Additives Additives that may be present in one or more layers of the multilayer film of the present invention are opacifiers, pigments, colorants, slip agents, antioxidants, antifoggants, antistatic agents, antiblocking agents, fillers. Including, but not limited to, moisture barrier additives, gas barrier additives, and combinations thereof. Such additives can be used in effective amounts depending on the properties required. Slip agents, anti-sticking agents, antistatic agents, antioxidants, and antifogging agents are particularly effective when used in the outer layer of the multilayer film of the present invention.

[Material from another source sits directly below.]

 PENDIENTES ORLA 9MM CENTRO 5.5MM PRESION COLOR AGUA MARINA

Pigments and colorants are typically added to the polymer to provide opacity and, in some cases, a specific color to the resulting film. Examples of pigments or colorants for use in the present invention include iron oxide, carbon black, brown pigments, aluminum, titanium dioxide (TiO ₂ ), calcium carbonate (CaCO 3), polybutylene terephthalate, talc, and their It is a combination. Color pigments and colorants include agents that can be added to the polymer to give any desired shade of colors such as pink, blue, green, yellow and the like. Pigments and colorants can also contribute to the desirable optical quality of the films of the present invention by giving consumers a pleasing color and pearlescent appearance.

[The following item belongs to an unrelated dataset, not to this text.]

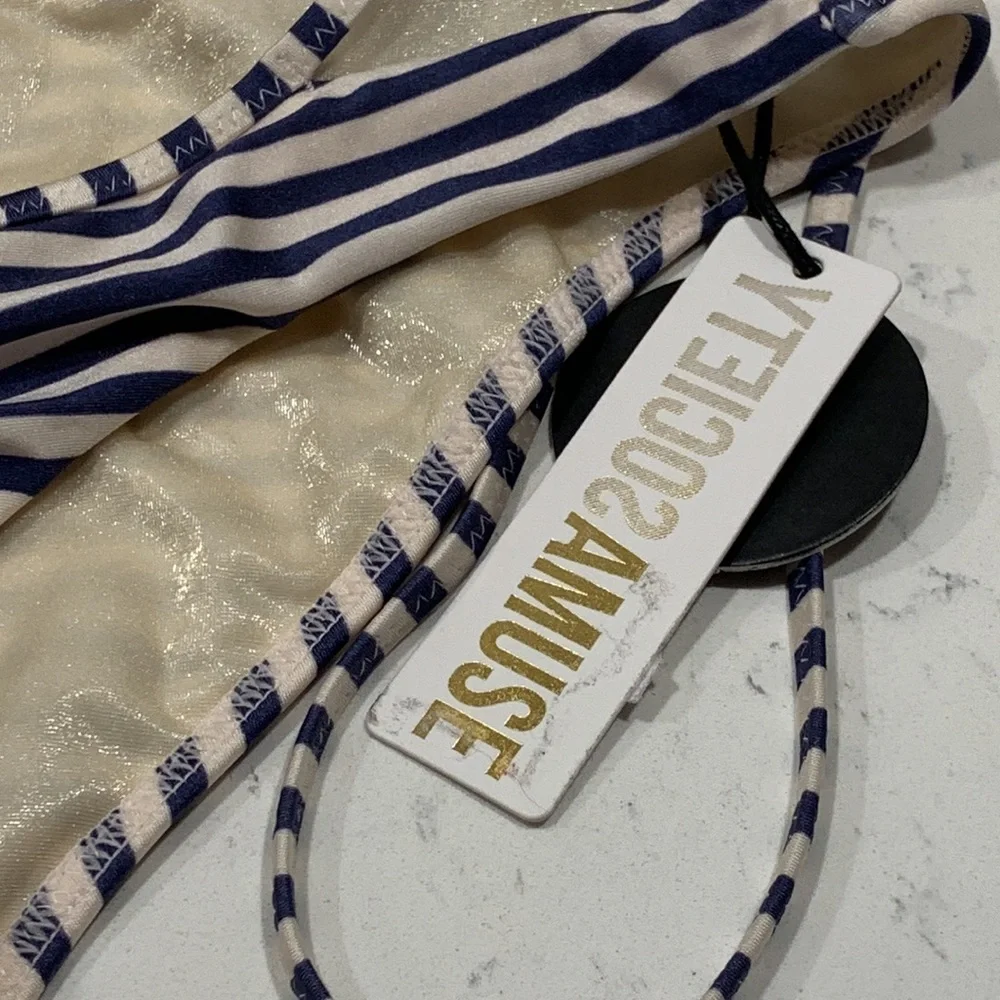 AMUSE SOCIETY Striped Bikini Bottom Large Blue Cream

  Slip agents can include higher fatty acid amides, higher fatty acid esters, waxes, silicone oils, and metal soaps. Such a slip agent can be used in an amount ranging from 0.05% to 2% by weight, based on the total amount of layer to which it is added. An example of a slip agent that may be useful in the present invention is erucamide.

  The non-migration slip agent used in one or more skin layers of the multilayer film of the present invention may comprise polymethyl methacrylate (PMMA). Non-migration slip agents can have an average particle size ranging from 0.5 μm to 8 μm, or from 1 μm to 5 μm, 2 μm to 4 μm, depending on the layer thickness and the desired slip properties. Alternatively, the particle size of a non-migration slip agent such as PMMA is greater than 20% of the thickness of the skin layer containing the slip agent, or greater than 40% of the thickness of the surface film, or the surface May exceed 50% of the thickness of the thin layer. The particle size of the non-migration slip agent, such as a thin layer, is also at least 10% greater than the thickness of the skin layer, or at least 20% greater than the thickness of the skin layer, or the skin layer. May be at least 40% greater than the thickness. In general, spherical particulate non-migrating slip agents are contemplated, including PMMA resins such as EPOSSTAR ™; (commercially available from Nippon Shokubai Co., Ltd., Japan). It is well known that other commercial sources of suitable materials exist. Non-migrating means that these particulates generally do not change position throughout the layers of the film in the manner of a migrating slip agent. Conventional polydialkylsiloxanes such as silicone oils or rubber additives having a viscosity of 10,000 to 2,000,000 centistokes are also contemplated.

  Suitable antioxidants include phenolic antioxidants such as IRGANOX ™ 1076 (commercially available from Ciba-Geigy Company, Switzerland) and IRGANOX ™ 168 (also commercially available from Ciba Geigy Company, Switzerland). Phosphite antioxidants such as Such antioxidants are generally used in amounts ranging from 0.1% to 2% by weight.

  Antistatic agents can include alkali gold sulfonates, polydiorganosiloxanes modified with polyethers, polyalkylphenylsiloxanes, and tertiary amines. Such antistatic agents can be used in amounts ranging from 0.05% to 3% by weight, based on the total amount of layer.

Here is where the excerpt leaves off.